Lo scorso Natale il quotidiano argentino “El Tribuno” aveva dato notizia che contro Zanchetta, quando era vescovo di Orán, era stata inoltrata al nunzio in Argentina una denuncia per abusi su una decina di seminaristi.
Il 4 gennaio, il direttore della sala stampa vaticana smentì questa notizia, asserendo che in Vaticano le accuse a Zanchetta risultavano pervenute non prima dell’autunno del 2018 e che un’indagine previa era in corso in Argentina per valutarne l’attendibilità.
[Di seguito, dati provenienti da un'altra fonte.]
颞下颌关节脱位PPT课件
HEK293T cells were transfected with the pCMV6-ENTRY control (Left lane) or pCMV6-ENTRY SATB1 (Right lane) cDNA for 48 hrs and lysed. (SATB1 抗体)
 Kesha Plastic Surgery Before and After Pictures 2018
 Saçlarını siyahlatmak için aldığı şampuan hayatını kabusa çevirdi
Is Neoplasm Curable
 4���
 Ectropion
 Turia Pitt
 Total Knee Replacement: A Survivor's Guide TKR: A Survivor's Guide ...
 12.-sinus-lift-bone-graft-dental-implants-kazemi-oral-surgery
Il 21 febbraio, però, “El Tribuno”, per la penna della giornalista Silvia Noviasky, è tornato sull’argomento fornendo le prove documentali (vedi foto) che denunce molto circostanziate dei cattivi comportamenti di Zanchetta erano state inoltrate da ecclesiastici della diocesi di Orán alle autorità competenti, in Argentina e a Roma, a più riprese dal 2015 al 2017.
Col corollario che papa Francesco era al corrente delle malefatte del suo pupillo ben prima che ne accettasse le dimissioni da vescovo di Orán e lo promuovesse ad assessore dell’APSA.
Di cui tuttora Zanchetta ricopre la carica. Col papa che tace, nel pieno del summit convocato per fare chiarezza su questo capitolo dolente della vita della Chiesa.